Like Guesthouse said, AP Calc is a pretty great class to take in college, and I've already said a bit about the AP Environmental Science test being really good for filling requirements, even if you don't take the class. I can link that here.

Best of luck!

Inklings

A:

Dear you,

Just wanted to take this chance to pop in and say that not all credit hours are created equal, and not all can be transferred to fulfill different requirements.

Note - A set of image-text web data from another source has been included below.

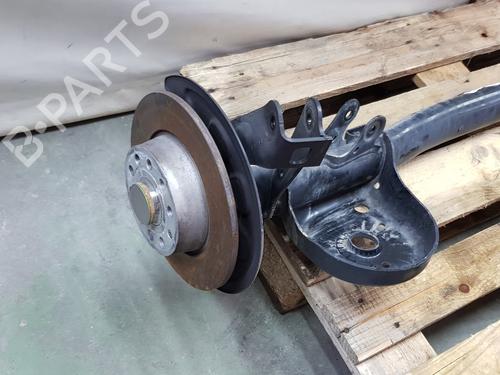 Rear axle FORD TOURNEO CONNECT / GRAND TOURNEO CONNECT V761 MPV (SK)  | BP27879058M2 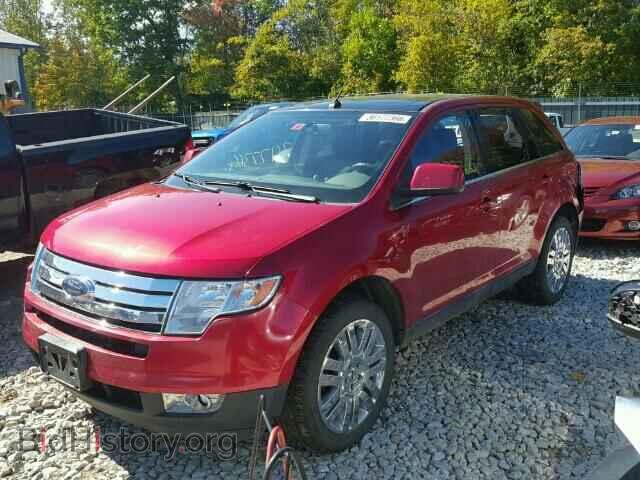 2010 FORD EDGE - VIN: 2FMDK4KC9ABB33619 - Фото 2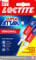 Loctite Super Attak Original Bipack, Colla liquida trasparente in confezione convenienza, Adesivo per gomma, metallo, ceramica, legno, cuoio e pelle, Colla per scarpe e fai da te, 3g+3g
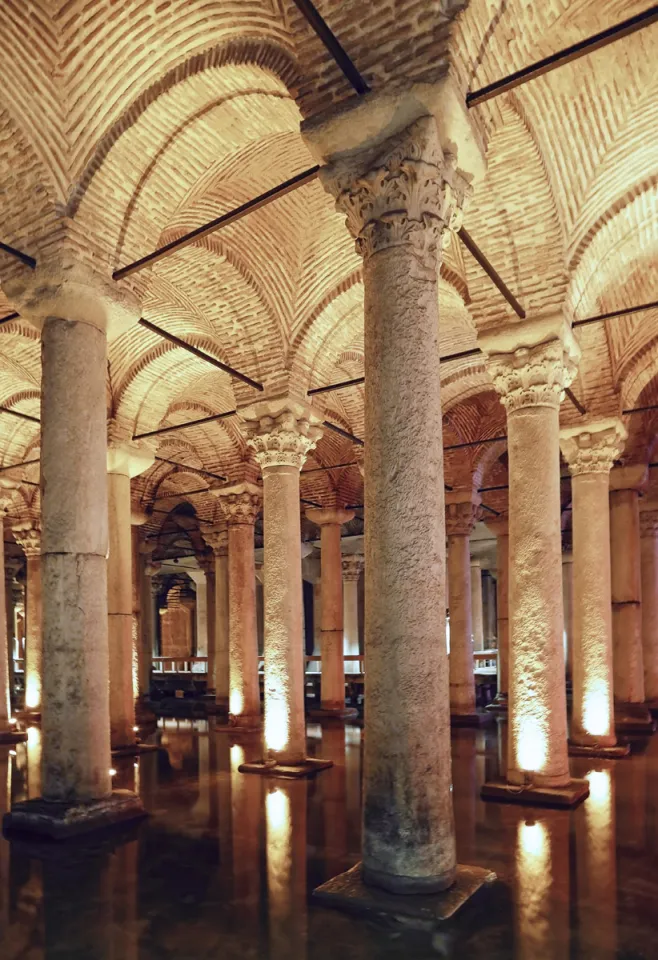 Basilica Cistern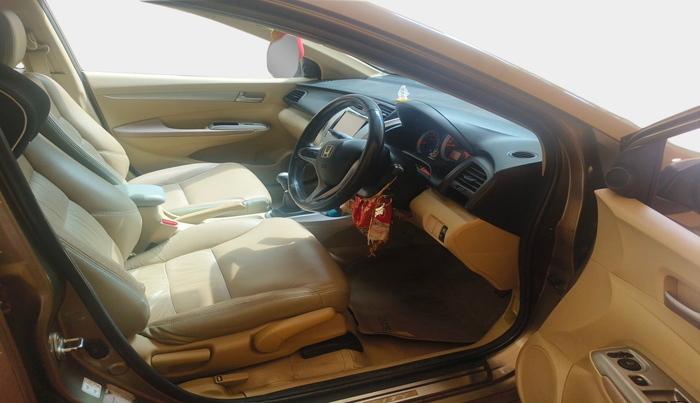 2011 Honda City 1.5L I-VTEC V MT, Petrol, Manual, 87,383 km, interior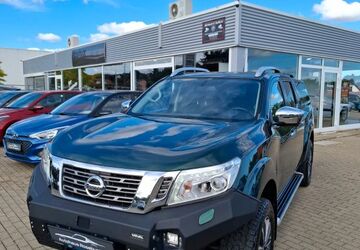 Nissan Navara 148.902 km 25.900 &euro; Aschersleben 06449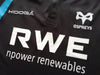 2011/12 Ospreys Home Rugby Shirt (S)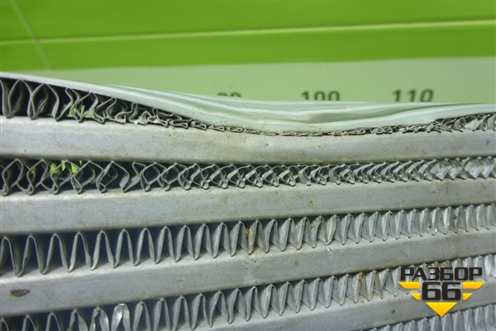 Интеркулер (1119130XGW01A) для Haval Jolion с 2021г (Джолион)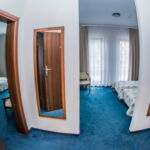 4 fős apartman 2 hálótérrel (pótágyazható)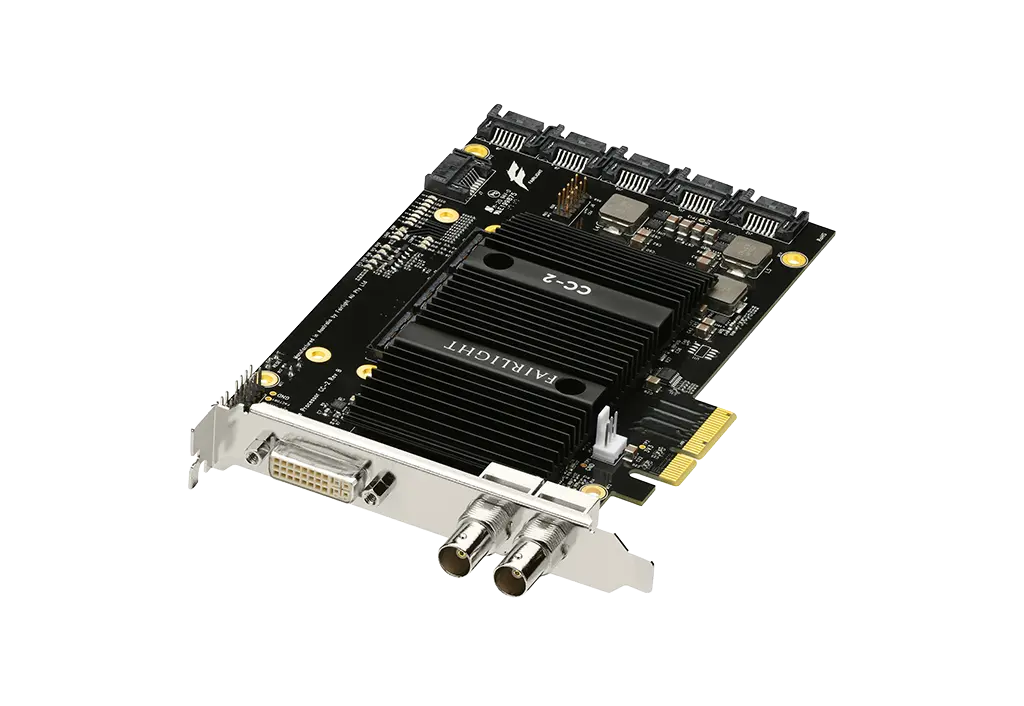 Blackmagic Design DV/RFL/AUDACC2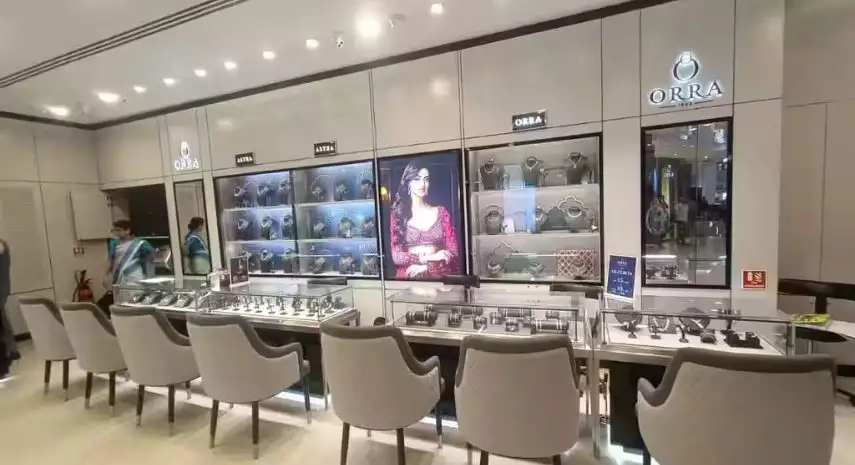 ORRA Fine Jewellery India Franchise For Sale image 4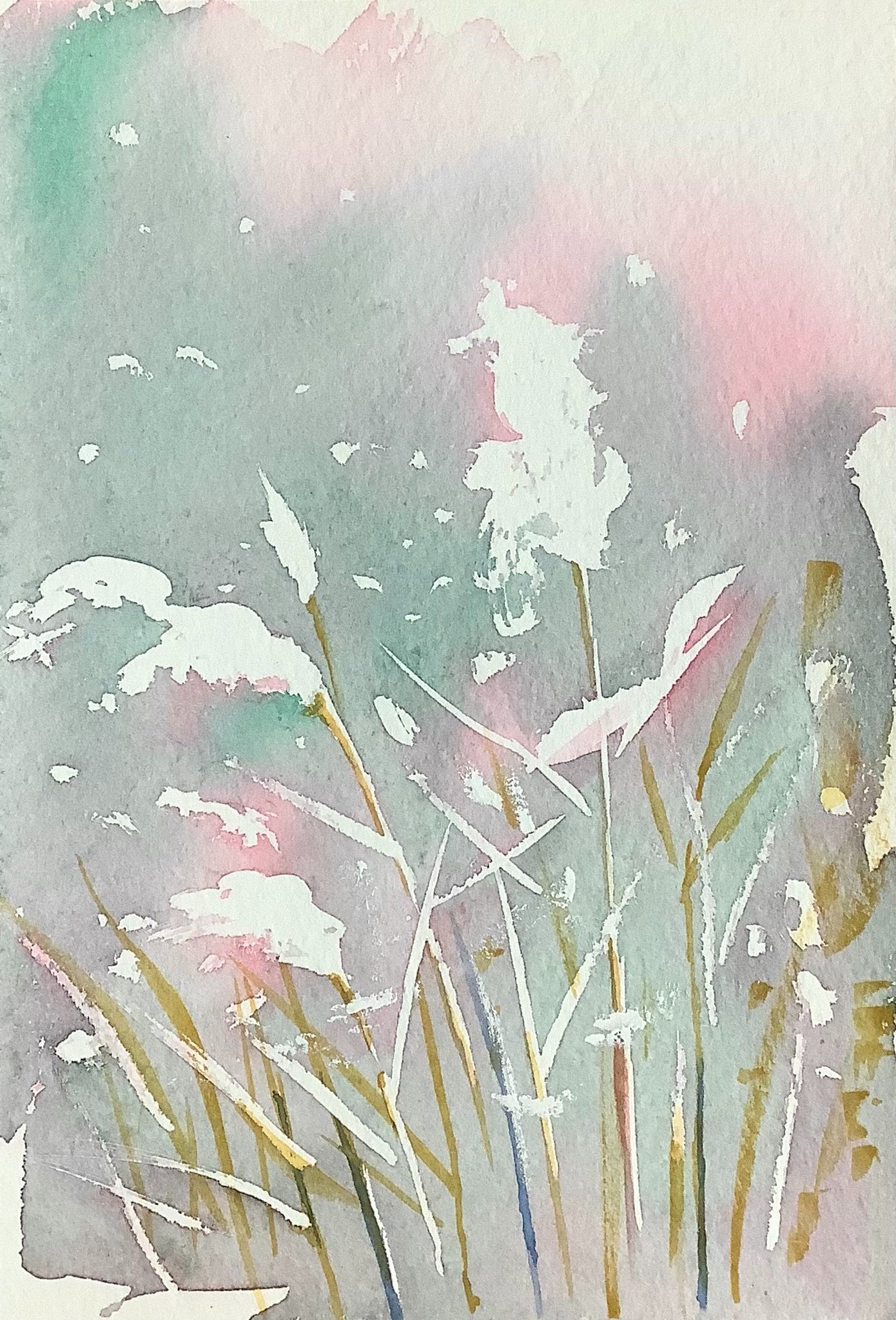 DiDi(土井大輔)watercolor on X: DiDi(土井大輔)watercolor on X: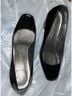 Stuart Weitzman Black Heels Size 7 1/2 - photo 9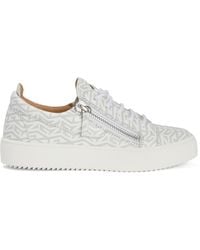 Giuseppe Zanotti - Gail Monogram - Lyst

More relevantly to your question, I took APUSH my sophomore year of high school, got a 5 on the test, and then took ECON 110 my freshman year of BYU to fulfill their requirements. Thanks to taking this class, I wound up minoring in econ which also opened the door to nice student jobs as both a TA and research assistant in that department. Remember that the purpose of GE's isn't to be a pain in the neck, but to introduce you to a wider range of academic possibilities that you otherwise might have left unexplored. 

~Anathema

posted on 05/22/2021 11:47 a.m.
The combination of APUSH and AP Gov, even with perfect scores, doesn't give you full credit for American Heritage. On my transcript APUSH (which I took in 2018) only gave me 3 general credits and didn't contribute to a GE requirement. The AP Gov fulilled half the American Heritage requirement but I still took History 220 to fulfill the American Heritage requirement.

So it seems like APUSH needs to be paired with ECON to give you credit.